** DATA FOR REVIEW follows **
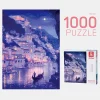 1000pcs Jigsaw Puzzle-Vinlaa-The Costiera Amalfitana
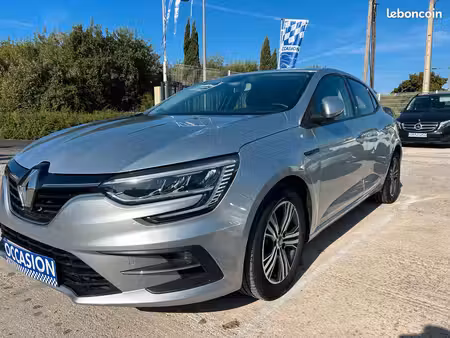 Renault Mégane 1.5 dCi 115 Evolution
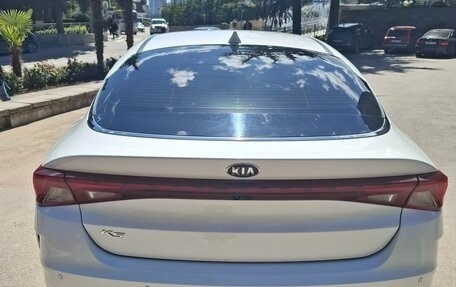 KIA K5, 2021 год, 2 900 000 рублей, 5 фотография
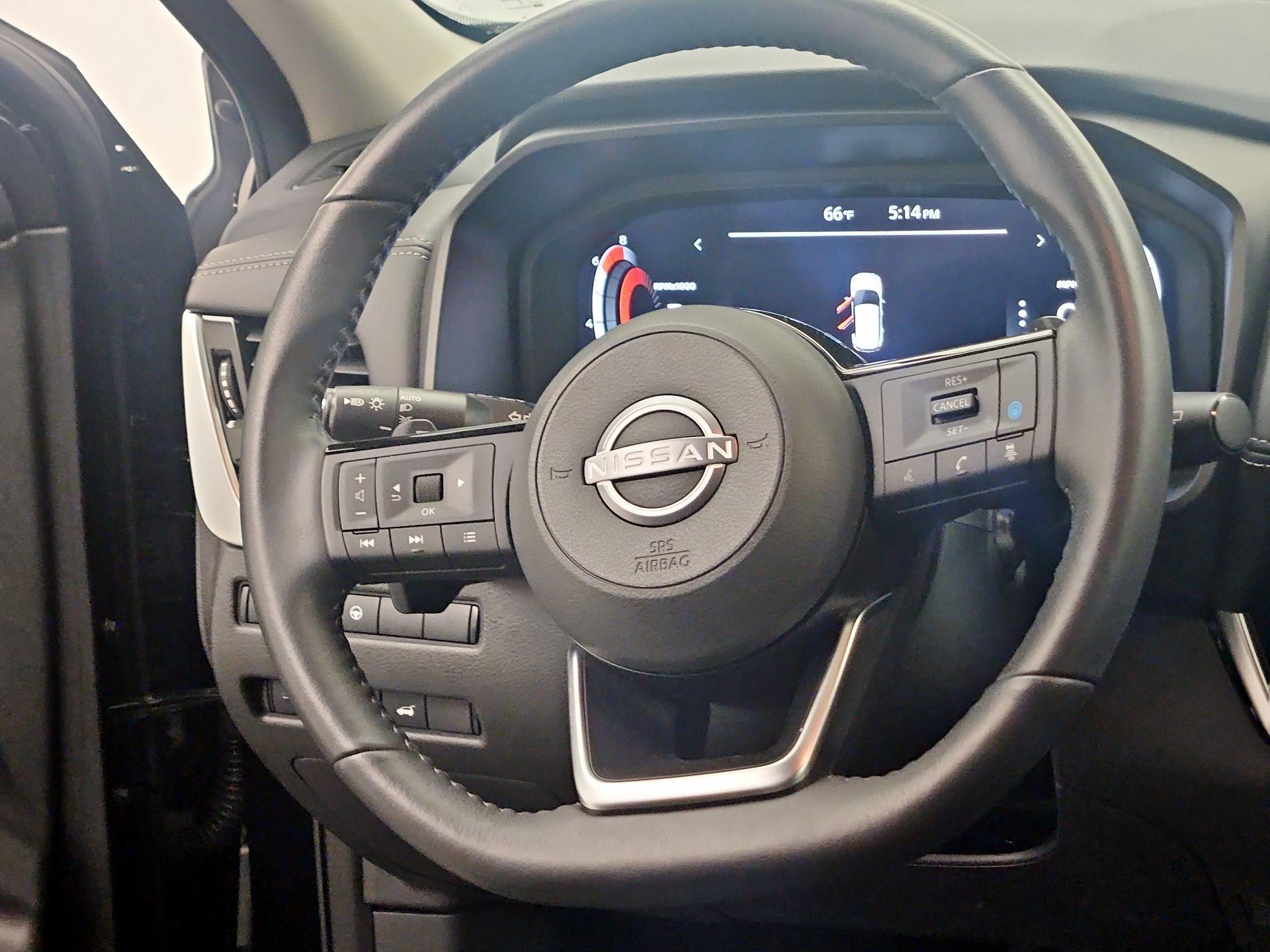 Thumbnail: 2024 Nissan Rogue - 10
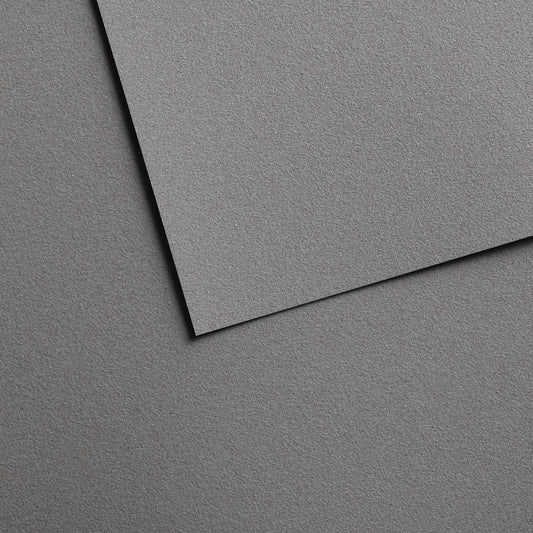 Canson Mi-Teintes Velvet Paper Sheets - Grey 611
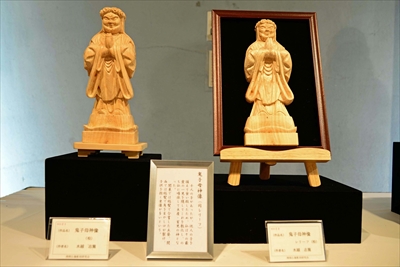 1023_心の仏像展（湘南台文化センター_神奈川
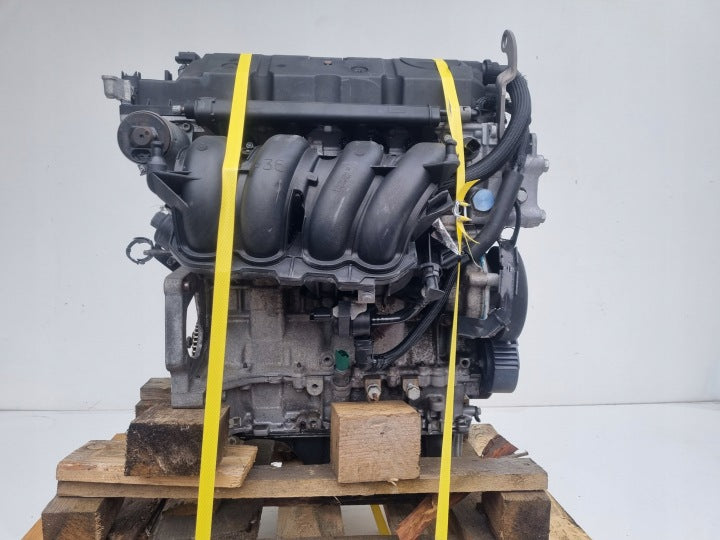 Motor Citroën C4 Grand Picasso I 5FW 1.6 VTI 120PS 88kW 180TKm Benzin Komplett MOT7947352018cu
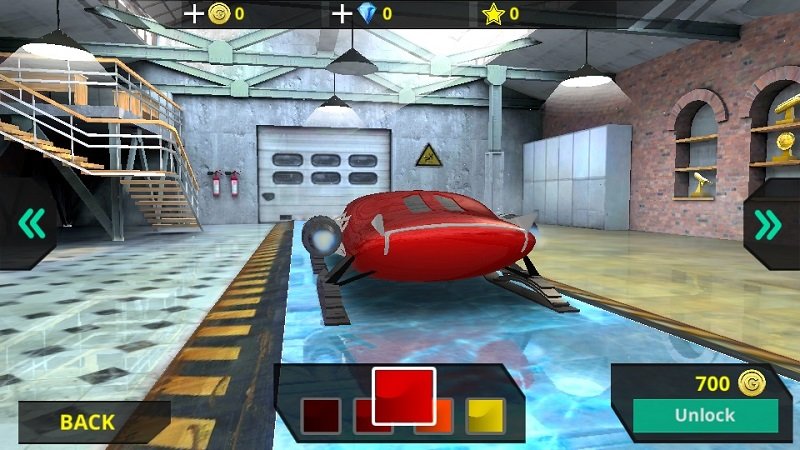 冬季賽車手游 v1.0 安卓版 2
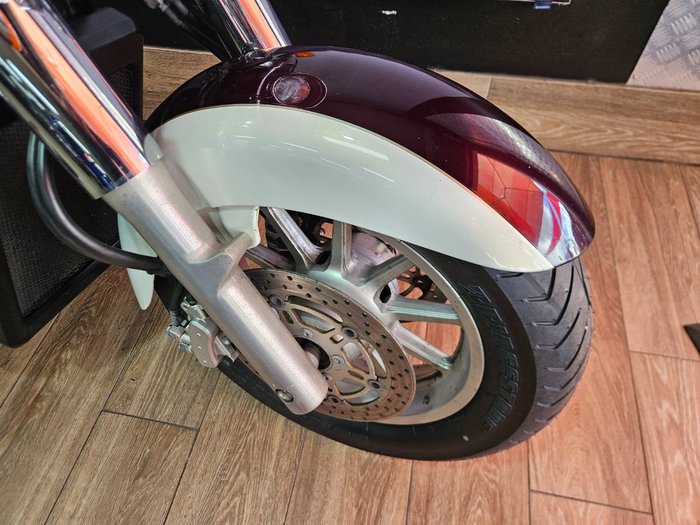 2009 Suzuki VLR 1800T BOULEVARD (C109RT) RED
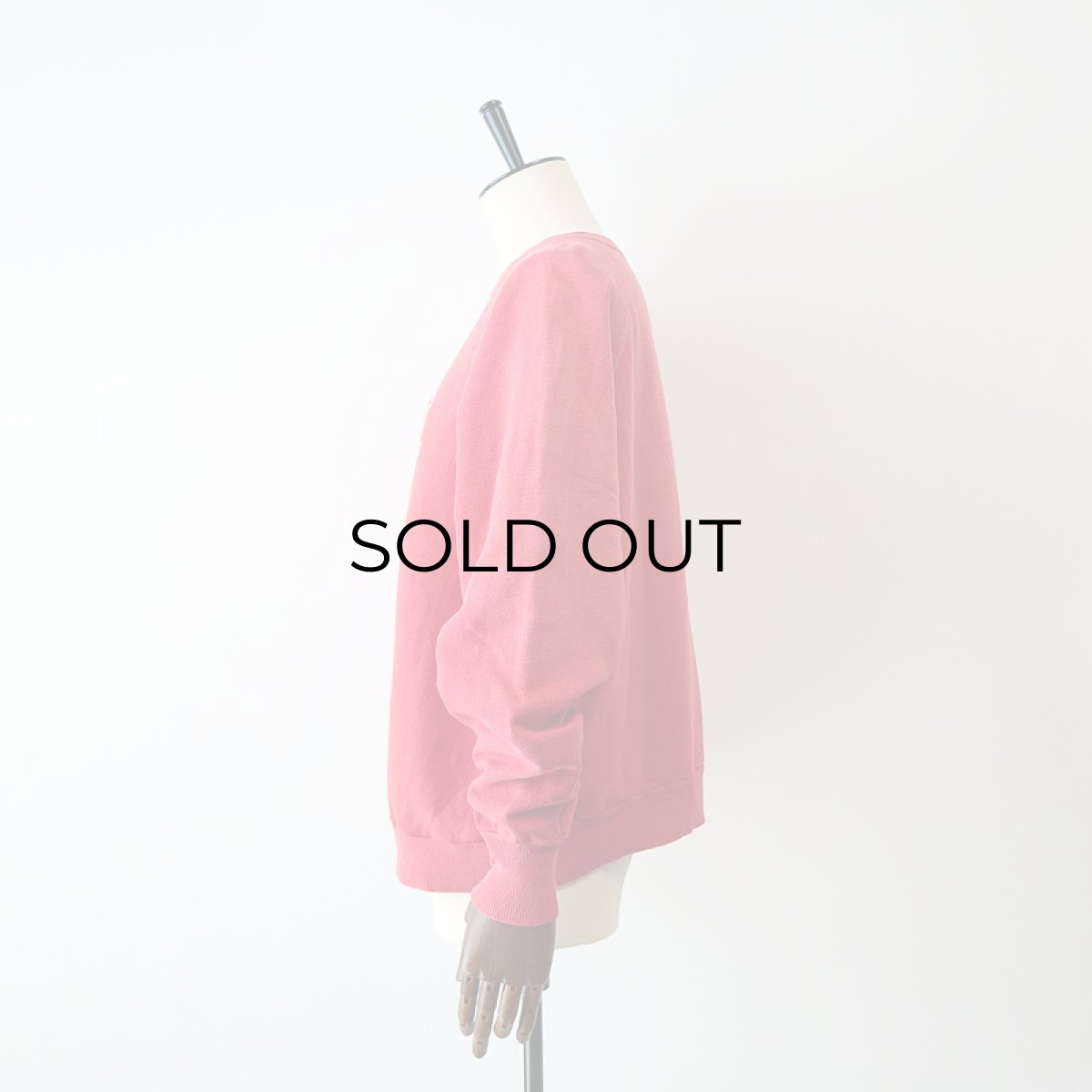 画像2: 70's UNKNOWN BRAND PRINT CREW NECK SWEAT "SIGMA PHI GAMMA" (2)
** End of DATA FOR REVIEW **
Begin with the first line of the records and repeat every line up to the one with "冬季賽車手游 v1.0 安卓版 2", counting that line too. Pictures are not part of the copy.

## RESULT OF THE TASK
 1000pcs Jigsaw Puzzle-Vinlaa-The Costiera Amalfitana
 Renault Mégane 1.5 dCi 115 Evolution
 KIA K5, 2021 год, 2 900 000 рублей, 5 фотография
 Thumbnail: 2024 Nissan Rogue - 10
 Canson Mi-Teintes Velvet Paper Sheets - Grey 611
 1023_心の仏像展（湘南台文化センター_神奈川
 Motor Citroën C4 Grand Picasso I 5FW 1.6 VTI 120PS 88kW 180TKm Benzin Komplett MOT7947352018cu
 冬季賽車手游 v1.0 安卓版 2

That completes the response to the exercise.